Background Over the last two decades, we have seen the successive rise and fall of a number of concepts, ideas or methods in healthcare quality improvement (QI). Paradoxically, the content of many of these QI methodologies is very similar, though their presentation often seeks to differentiate or distinguish them.

Methods This paper sets out to explore the processes by which new QI methodologies are developed and disseminated and the impact this has on the effectiveness of QI programmes in healthcare organizations. It draws on both a bibliometric analysis of the QI literature over the period from 1988 to 2007 and a review of the literature on the effectiveness of QI programmes and their evaluation.

Results The repeated presentation of an essentially similar set of QI ideas and methods under different names and terminologies is a process of ‘pseudoinnovation’, which may be driven by both the incentives for QI methodology developers and the demands and expectations of those responsible for QI in healthcare organizations. We argue that this process has important disbenefits because QI programmes need sustained and long-term investment and support in order to bring about significant improvements. The repeated redesign of QI programmes may have damaged or limited their effectiveness in many healthcare organizations.

Conclusions A more sceptical and scientifically rigorous approach to the development, evaluation and dissemination of QI methodologies is needed, in which a combination of theoretical, empirical and experiential evidence is used to guide and plan their uptake. Our expectations of the evidence base for QI methodologies should be on a par with our expectations in relation to other forms of healthcare interventions.

  • quality management
  • measurement of quality
  • general methodology
  • healthcare system


The last two decades have seen the rise and fall of a number of concepts, ideas or methods in healthcare quality improvement (QI). We have progressed from medical audit to clinical audit and to clinical governance; from total quality management to continuous QI and to business process re-engineering; from statistical process control to six sigma and to lean thinking. At times, keeping abreast of the latest ‘new thing’ in healthcare QI can seem to require almost constant attention to the journals, conferences, books and training events in this field. Paradoxically, given this appearance of constant change, the content of many of these QI methodologies is broadly very similar, though their presentation often seeks to differentiate or distinguish them.

The purpose of this paper is to explore how new QI methodologies (a term used very broadly to encompass concepts, ideas and empirical tools and techniques) are developed, diffused and adopted or taken up by healthcare organizations [1]; to discuss the impact this may have on the effectiveness of QI programmes in healthcare organizations; and to suggest how future innovations in this field might be better assessed.

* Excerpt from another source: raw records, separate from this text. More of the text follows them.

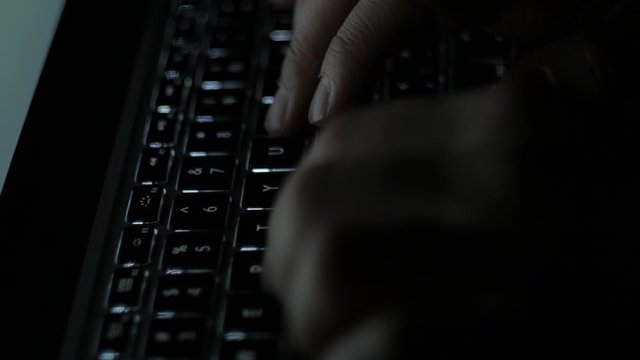 Keyboard typing at night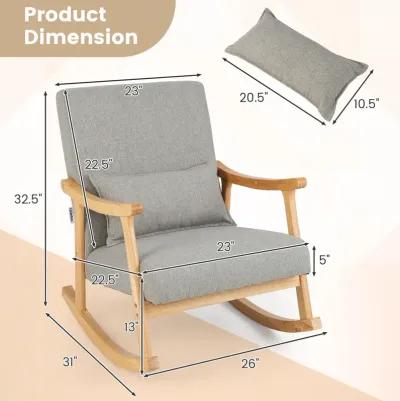 Upholstered Rocking Chair with Pillow and Rubber Wood Frame-Grey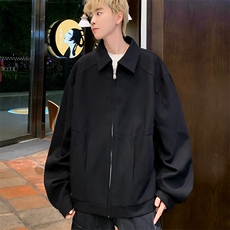 高级感烟紫色短款夹克男cleanfit外套翻领复古时髦潮W6048-P58，男装夹克，星座412-3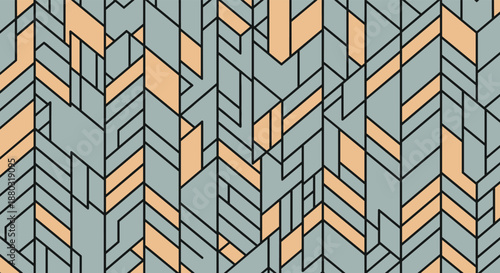 Seamless geometric abstract pattern featuring vertical lines and diagonal shapes in a muted color palette of teal, peach, and charcoal.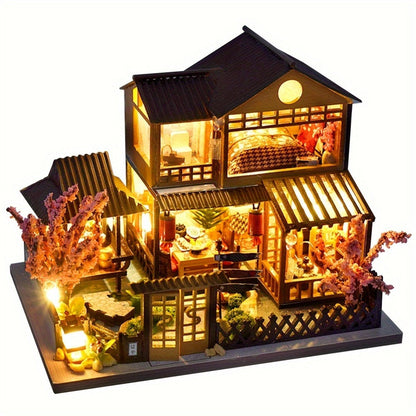 DIY Miniature Dollhouse Kit Sakura Garden Japanese Style – Wooden Tiny House with Tatami Flooring & Furniture, Handmade Creative Build for Adults Teens & Kids, Collector Display Gift Birthday Christmas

The spread of QI methodologies: a bibliometric analysis

One way to measure the spread or uptake of ideas is through bibliometric statistics [2], charting the frequency with which particular words or terms are used in citation databases like Medline. It is an imperfect tool, but perhaps the most consistent measure available for studying the dissemination or uptake of new QI methodologies over time. For this paper, Medline and the Health Management Information Consortium (HMIC) databases from 1988 to 2007 were accessed in May 2008. A number of commonly used QI terms were identified through broad searches on QI, and these QI terms were then searched for in the title and abstract text only. Some searches used multiple formulations of the QI term (e.g. ‘lean thinking’ or ‘lean production’). Full search details are available from the author.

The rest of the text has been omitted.